Exercise data below:
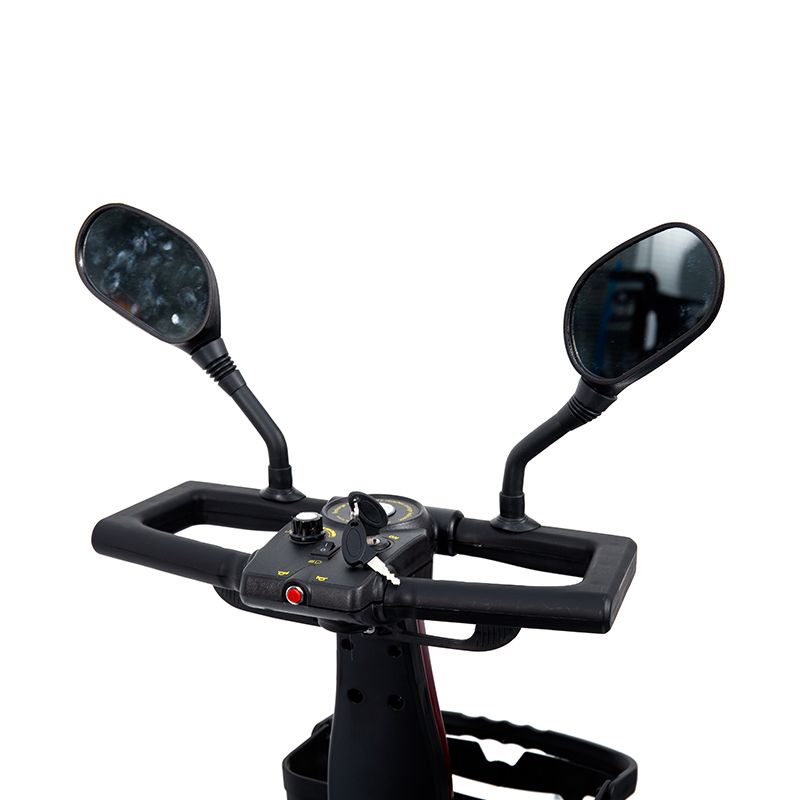 YL-07T 4 kerekű hordozható, összecsukható elektromos meghajtású mobil robogó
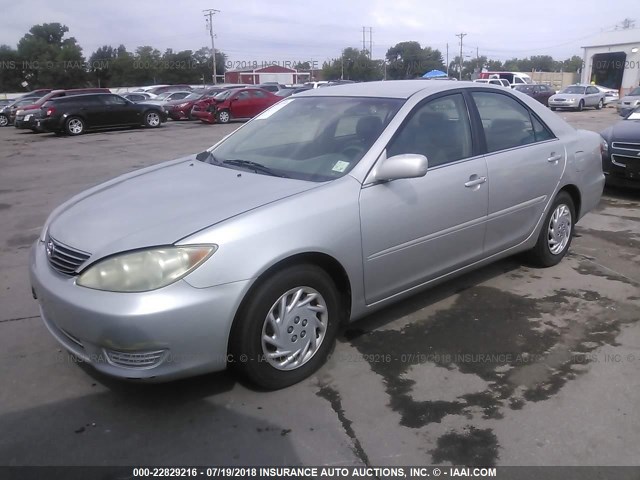 4T1BE32K65U950028 - 2005 TOYOTA CAMRY LE/XLE/SE Boz foto 2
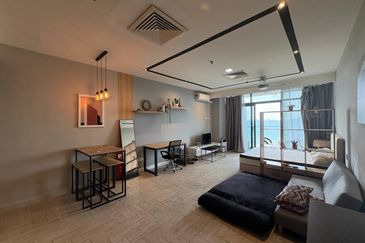 Crown Tower @ Empire City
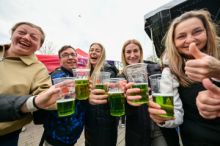 V Brně si připilo zeleným pivem rekordních 367 lidí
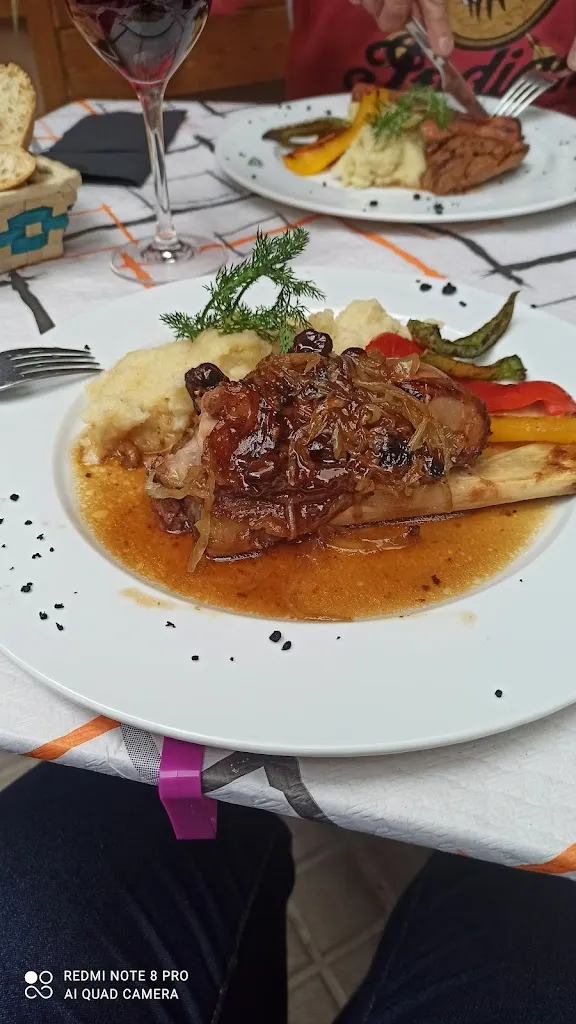 Menu_Bar Rest. Armine_Elda_image_3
End of Exercise data.
| Task to complete |
All of the entries above are to be duplicated exactly, with every image left out.

| Result of this task |
 YL-07T 4 kerekű hordozható, összecsukható elektromos meghajtású mobil robogó
 4T1BE32K65U950028 - 2005 TOYOTA CAMRY LE/XLE/SE Boz foto 2
 Crown Tower @ Empire City
 V Brně si připilo zeleným pivem rekordních 367 lidí
 Menu_Bar Rest. Armine_Elda_image_3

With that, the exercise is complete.